BEGIN

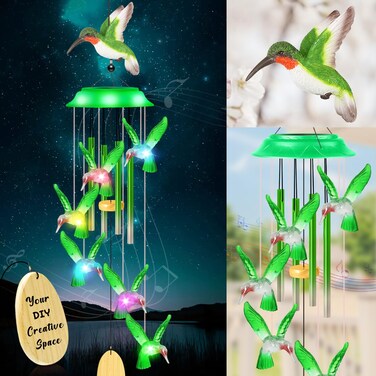 Wind Chimes,Hummingbird Solar Wind Chimes for Outside,Green Gradient Aluminum Tubes Memorial Wind Bell with LED Light Cover for Garden Patio Decor for Women Mom Grandma Wife Neighbors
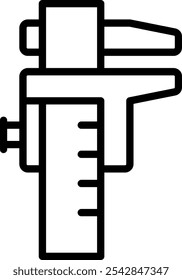 Caliper labor tools line icon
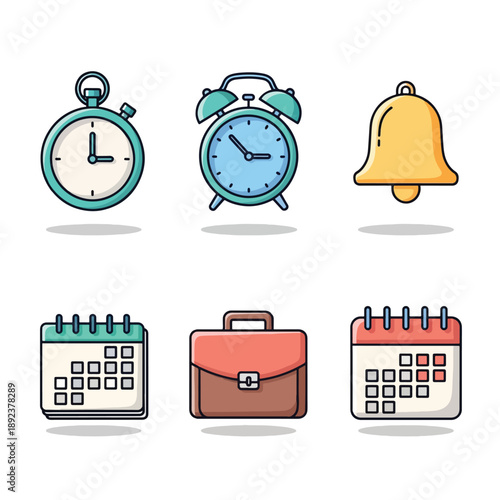 Time Management and Business Icons Set.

END

▶ _DIRECTIONS FOR THIS TASK_
Skipping any pictures, transcribe the full listing exactly.

▶ _RESULT BELOW_
 Wind Chimes,Hummingbird Solar Wind Chimes for Outside,Green Gradient Aluminum Tubes Memorial Wind Bell with LED Light Cover for Garden Patio Decor for Women Mom Grandma Wife Neighbors
 Caliper labor tools line icon
 Time Management and Business Icons Set.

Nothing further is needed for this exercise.